Niegotowi do pracy? Firmy nie chcą zatrudniać Gen-Z
Badania wskazują, że coraz więcej młodych pracowników z pokolenia Z traci pracę w krótkim czasie po ich zatrudnieniu. Wynika to z różnych czynników, które pracodawcy postrzegają jako wyzwania, w tym brak motywacji, profesjonalizmu i umiejętności organizacyjnych. Wielu pracodawców zgłasza, że młodzi pracownicy nie są odpowiednio przygotowani do wymagań świata pracy.
Firmy coraz częściej kręcą nosem na zatrudnianie świeżo upieczonych absolwentów pokolenia Z, którzy wchodzą na rynek pracy z nieco zawiłym zestawem nawyków. Według najnowszych badań Intelligent.com, 75% firm twierdzi, że nowi absolwenci nie spełniają oczekiwań, a 60% musiało się z nimi pożegnać w ciągu roku. Główne zarzuty? Brak motywacji, umiejętności komunikacyjnych i profesjonalizmu.
Firmy mogą jednak przejąć inicjatywę. Fazą obowiązkową powinno być szkolenie z etykiety biurowej. Ponadto, 9 na 10 menedżerów uważa, że takie szkolenie byłoby świetnym pomysłem.
Wspieranie nowicjuszy przez starszych pracowników może przynieść korzyści obu stronom. Zróbmy z pracy zabawę, daje to młodym ludziom szansę na rozwijanie umiejętności i zdobywanie cennego doświadczenia. Kto wie, może właśnie odkrywamy przyszłych liderów biznesu? Pamiętajmy, żeby dzisiejsi absolwenci częściej pytali i szukali informacji zwrotnych. W końcu trochę poczucia humoru i otwartości może rzeczywiście poprowadzić ich do sukcesu!
Badania przeprowadzone przez Intelligent ujawniają, że jedna na sześć firm waha się przed zatrudnieniem nowych absolwentów. Po przeprowadzeniu wywiadów z 966 różnymi firmami, platforma odkryła, że 75% firm uważa pracę pokolenia Z za niesatysfakcjonującą, a w ubiegłym roku 6 na 10 firm zwolniło co najmniej jednego nowego absolwenta. Do najczęściej podawanych powodów przez menedżerów i pracowników HR należą brak motywacji (50%), brak profesjonalizmu (46%) i słabe umiejętności organizacyjne (42%) – zaraz za nimi plasują się słabe umiejętności komunikacyjne oraz trudności z przyjmowaniem informacji zwrotnych. Szóstym, zaskakującym powodem, jest brak odpowiedniego doświadczenia zawodowego.

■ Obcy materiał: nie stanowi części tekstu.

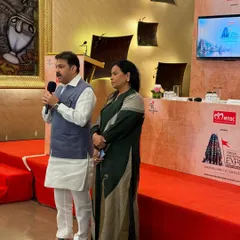 I ensure the message is delivered clearly with professional audio-visual support for speakers on the main stage. Here, a speaker addresses the audience at the Temples Convention.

1 na 6 menedżerów ds. zatrudnienia waha się przed zatrudnianiem kandydatów z tej grupy.
Menedżerowie ds. zatrudnienia twierdzą, że nowi absolwenci nie są przygotowani do pracy, nie radzą sobie z obciążeniem pracą i są nieprofesjonalni. 1 na 7 firm może powstrzymać się od zatrudnienia nowych absolwentów w przyszłym roku. 9 na 10 menedżerów ds. zatrudnienia twierdzi, że nowi absolwenci powinni przejść szkolenie z zakresu etykiety biurowej.
Zdaniem pracodawców to, co sprawia, że praca pokolenia Z jest niesatysfakcjonująca, to brak inicjatywy. Kierownicy firm, z którymi rozmawiał Inteligentny, stwierdzili, że w ubiegłym roku współpracowali z młodymi ludźmi, którzy często się spóźniali, nie ubierali się odpowiednio do pracy biurowej lub nie potrafili używać właściwego języka w miejscu pracy.
Według badania ponad połowa menedżerów ds. zatrudnienia uważa, że nowi absolwenci nie są gotowi na wejście na rynek pracy.
Szkoły na całym świecie starają się temu przeciwdziałać. Londyńska szkoła średnia eksperymentuje z 12-godzinnym dniem szkolnym, aby przygotować uczniów do życia zawodowego. Na zakończenie badania zapytano pracodawców, jakie są najważniejsze cechy motywujące ich do zatrudniania nowych absolwentów: pozytywne nastawienie i większa inicjatywa.
Konsultant ds. szkoleń w Intelligent, Huy Nhuyen, radzi młodym pracownikom, aby obserwowali swoje otoczenie i zachowanie kolegów, aby nauczyć się, jak zrobić dobre wrażenie: 'Zbuduj reputację niezawodności, utrzymując pozytywne nastawienie, dotrzymując terminów i angażując się w projekty’. Krótko mówiąc, jeśli pokolenie Z chce utrzymać stałą pracę, będzie musiało zakasać rękawy i wykazać się determinacją.